(Record extracts begins)
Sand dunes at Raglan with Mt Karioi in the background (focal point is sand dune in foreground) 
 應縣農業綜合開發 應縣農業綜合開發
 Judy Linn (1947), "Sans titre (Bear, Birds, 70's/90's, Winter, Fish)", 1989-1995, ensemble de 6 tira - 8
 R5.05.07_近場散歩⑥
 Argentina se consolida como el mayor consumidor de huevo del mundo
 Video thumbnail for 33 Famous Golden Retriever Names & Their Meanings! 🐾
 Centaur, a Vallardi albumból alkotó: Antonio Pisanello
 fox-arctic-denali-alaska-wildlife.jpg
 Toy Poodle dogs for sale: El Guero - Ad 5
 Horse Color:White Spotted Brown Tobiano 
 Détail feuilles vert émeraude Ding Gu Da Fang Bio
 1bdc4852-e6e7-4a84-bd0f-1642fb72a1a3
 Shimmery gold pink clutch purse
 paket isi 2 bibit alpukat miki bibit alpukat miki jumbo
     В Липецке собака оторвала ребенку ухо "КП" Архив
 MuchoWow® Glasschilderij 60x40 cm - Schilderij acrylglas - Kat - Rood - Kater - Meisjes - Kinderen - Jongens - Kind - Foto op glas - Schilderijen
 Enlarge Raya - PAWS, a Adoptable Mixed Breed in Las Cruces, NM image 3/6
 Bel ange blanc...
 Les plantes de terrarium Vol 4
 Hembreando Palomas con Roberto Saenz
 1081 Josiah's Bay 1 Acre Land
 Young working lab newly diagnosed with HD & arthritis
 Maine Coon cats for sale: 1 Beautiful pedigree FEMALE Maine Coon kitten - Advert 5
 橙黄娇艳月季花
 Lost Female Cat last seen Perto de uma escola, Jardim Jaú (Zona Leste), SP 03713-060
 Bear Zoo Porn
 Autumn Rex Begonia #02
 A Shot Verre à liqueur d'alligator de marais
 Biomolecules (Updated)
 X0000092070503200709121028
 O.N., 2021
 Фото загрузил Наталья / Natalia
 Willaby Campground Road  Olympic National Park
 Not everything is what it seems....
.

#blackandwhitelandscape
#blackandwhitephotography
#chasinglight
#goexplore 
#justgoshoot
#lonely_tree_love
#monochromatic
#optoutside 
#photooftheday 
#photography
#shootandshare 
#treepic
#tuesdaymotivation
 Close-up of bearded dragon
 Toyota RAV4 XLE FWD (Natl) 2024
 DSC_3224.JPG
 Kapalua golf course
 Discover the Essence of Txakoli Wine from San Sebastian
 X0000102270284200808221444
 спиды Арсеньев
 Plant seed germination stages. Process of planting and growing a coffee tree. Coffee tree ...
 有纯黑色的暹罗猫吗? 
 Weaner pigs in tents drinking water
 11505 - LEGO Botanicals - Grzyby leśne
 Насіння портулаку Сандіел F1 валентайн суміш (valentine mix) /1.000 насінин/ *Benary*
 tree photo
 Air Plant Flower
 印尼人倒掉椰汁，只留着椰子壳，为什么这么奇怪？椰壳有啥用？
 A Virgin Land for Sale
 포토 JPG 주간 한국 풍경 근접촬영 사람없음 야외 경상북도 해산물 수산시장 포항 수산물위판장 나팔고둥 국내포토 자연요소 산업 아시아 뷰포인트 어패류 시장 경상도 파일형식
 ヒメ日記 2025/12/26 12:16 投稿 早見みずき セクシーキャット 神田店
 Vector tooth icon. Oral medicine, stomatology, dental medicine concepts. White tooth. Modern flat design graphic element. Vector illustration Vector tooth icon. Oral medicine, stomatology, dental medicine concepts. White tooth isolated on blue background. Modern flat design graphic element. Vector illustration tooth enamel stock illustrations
(Record extracts ends)
**Work order**
Write all the data out again, word for word.

**Answer area**
Sand dunes at Raglan with Mt Karioi in the background (focal point is sand dune in foreground) 
 應縣農業綜合開發 應縣農業綜合開發
 Judy Linn (1947), "Sans titre (Bear, Birds, 70's/90's, Winter, Fish)", 1989-1995, ensemble de 6 tira - 8
 R5.05.07_近場散歩⑥
 Argentina se consolida como el mayor consumidor de huevo del mundo
 Video thumbnail for 33 Famous Golden Retriever Names & Their Meanings! 🐾
 Centaur, a Vallardi albumból alkotó: Antonio Pisanello
 fox-arctic-denali-alaska-wildlife.jpg
 Toy Poodle dogs for sale: El Guero - Ad 5
 Horse Color:White Spotted Brown Tobiano 
 Détail feuilles vert émeraude Ding Gu Da Fang Bio
 1bdc4852-e6e7-4a84-bd0f-1642fb72a1a3
 Shimmery gold pink clutch purse
 paket isi 2 bibit alpukat miki bibit alpukat miki jumbo
     В Липецке собака оторвала ребенку ухо "КП" Архив
 MuchoWow® Glasschilderij 60x40 cm - Schilderij acrylglas - Kat - Rood - Kater - Meisjes - Kinderen - Jongens - Kind - Foto op glas - Schilderijen
 Enlarge Raya - PAWS, a Adoptable Mixed Breed in Las Cruces, NM image 3/6
 Bel ange blanc...
 Les plantes de terrarium Vol 4
 Hembreando Palomas con Roberto Saenz
 1081 Josiah's Bay 1 Acre Land
 Young working lab newly diagnosed with HD & arthritis
 Maine Coon cats for sale: 1 Beautiful pedigree FEMALE Maine Coon kitten - Advert 5
 橙黄娇艳月季花
 Lost Female Cat last seen Perto de uma escola, Jardim Jaú (Zona Leste), SP 03713-060
 Bear Zoo Porn
 Autumn Rex Begonia #02
 A Shot Verre à liqueur d'alligator de marais
 Biomolecules (Updated)
 X0000092070503200709121028
 O.N., 2021
 Фото загрузил Наталья / Natalia
 Willaby Campground Road  Olympic National Park
 Not everything is what it seems....
.

#blackandwhitelandscape
#blackandwhitephotography
#chasinglight
#goexplore 
#justgoshoot
#lonely_tree_love
#monochromatic
#optoutside 
#photooftheday 
#photography
#shootandshare 
#treepic
#tuesdaymotivation
 Close-up of bearded dragon
 Toyota RAV4 XLE FWD (Natl) 2024
 DSC_3224.JPG
 Kapalua golf course
 Discover the Essence of Txakoli Wine from San Sebastian
 X0000102270284200808221444
 спиды Арсеньев
 Plant seed germination stages. Process of planting and growing a coffee tree. Coffee tree ...
 有纯黑色的暹罗猫吗? 
 Weaner pigs in tents drinking water
 11505 - LEGO Botanicals - Grzyby leśne
 Насіння портулаку Сандіел F1 валентайн суміш (valentine mix) /1.000 насінин/ *Benary*
 tree photo
 Air Plant Flower
 印尼人倒掉椰汁，只留着椰子壳，为什么这么奇怪？椰壳有啥用？
 A Virgin Land for Sale
 포토 JPG 주간 한국 풍경 근접촬영 사람없음 야외 경상북도 해산물 수산시장 포항 수산물위판장 나팔고둥 국내포토 자연요소 산업 아시아 뷰포인트 어패류 시장 경상도 파일형식
 ヒメ日記 2025/12/26 12:16 投稿 早見みずき セクシーキャット 神田店
 Vector tooth icon. Oral medicine, stomatology, dental medicine concepts. White tooth. Modern flat design graphic element. Vector illustration Vector tooth icon. Oral medicine, stomatology, dental medicine concepts. White tooth isolated on blue background. Modern flat design graphic element. Vector illustration tooth enamel stock illustrations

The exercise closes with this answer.